> _Exercise description_
Except for the pictures, write out all the records that follow exactly.

(Crawled caption data)
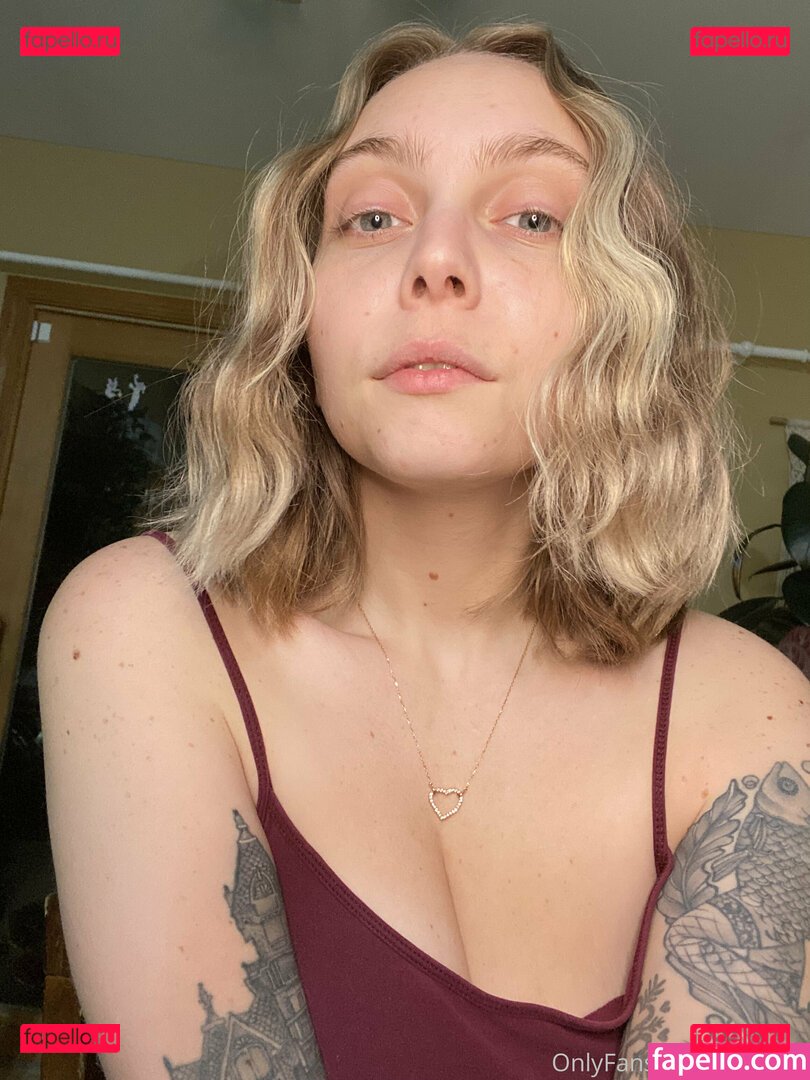 ariberry / ariberry_ Onlyfans Photo Gallery 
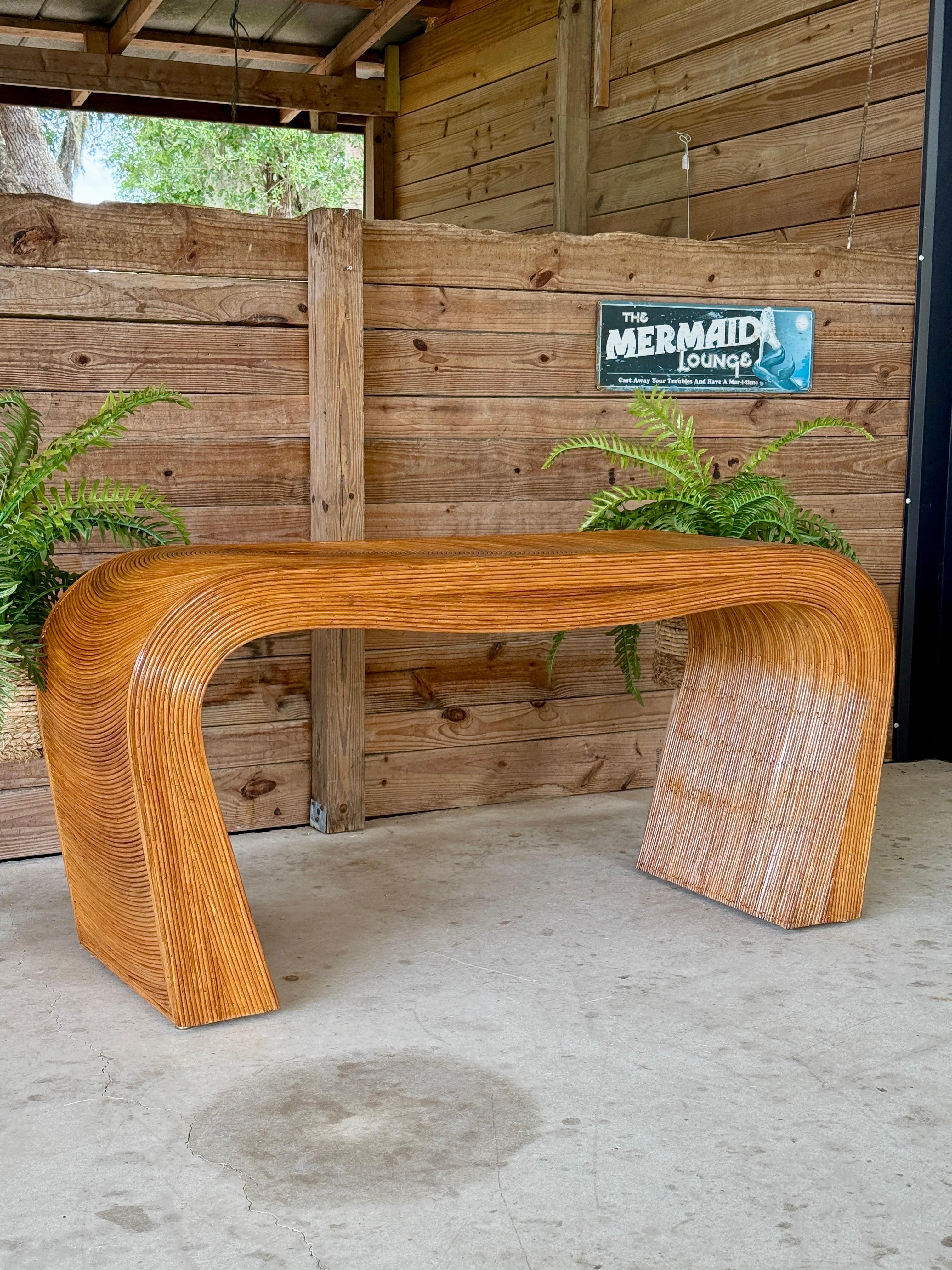 Table console en rotin organique et moderne restaurée, datant du milieu du 20e siècle en vente 8
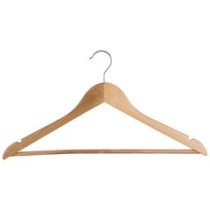 Вешалка деревянная с перекладиной, с антискользящим резиновым покрытием 44*23*1,2см (1/100)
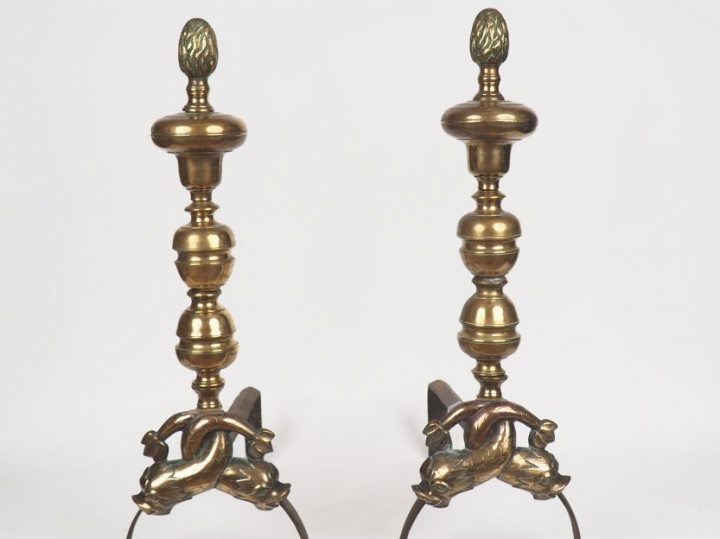 Paire de chenets XVIIIème en bronze et fer forgé à décor de dauphins. 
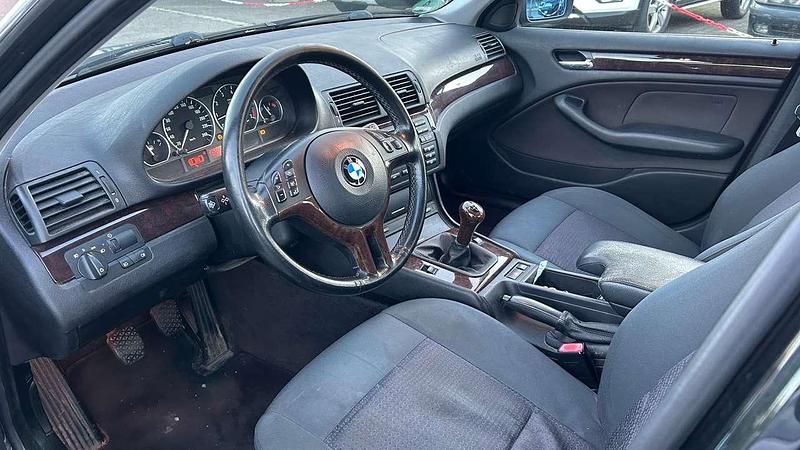 Gebraucht BMW 320 170 PS (125 kW) 2004 Saphirschwarz Limousine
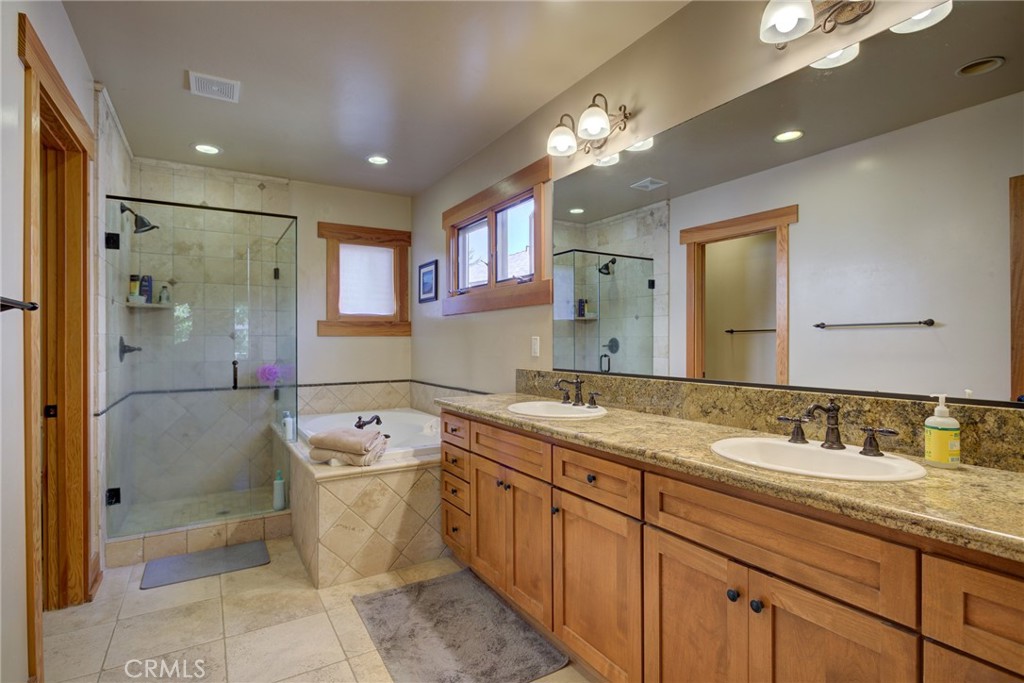 2303 Sanderling Court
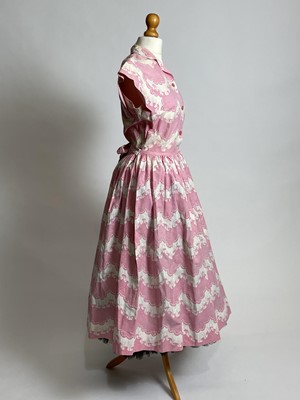 Lot 829 - A late 1940s Horrockses printed cotton day dress | in a stylised scalloped lace pattern on pink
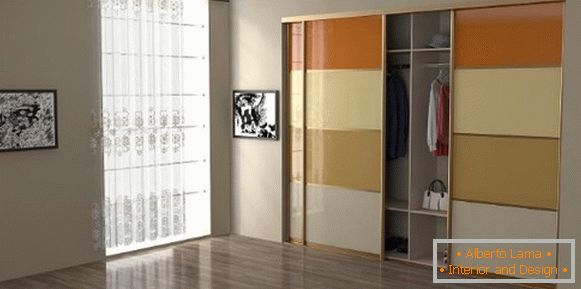 Вграден гардеробен простор - фотографски дизајн во спалната соба со стакло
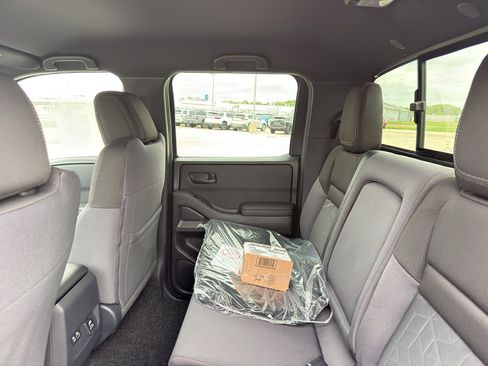 New 2026 Nissan Frontier SV AWD/4WD image 32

> _Output of the exercise_
 ariberry / ariberry_ Onlyfans Photo Gallery 
 Table console en rotin organique et moderne restaurée, datant du milieu du 20e siècle en vente 8
 Вешалка деревянная с перекладиной, с антискользящим резиновым покрытием 44*23*1,2см (1/100)
 Paire de chenets XVIIIème en bronze et fer forgé à décor de dauphins. 
 Gebraucht BMW 320 170 PS (125 kW) 2004 Saphirschwarz Limousine
 2303 Sanderling Court
 Lot 829 - A late 1940s Horrockses printed cotton day dress | in a stylised scalloped lace pattern on pink
 Вграден гардеробен простор - фотографски дизајн во спалната соба со стакло
 New 2026 Nissan Frontier SV AWD/4WD image 32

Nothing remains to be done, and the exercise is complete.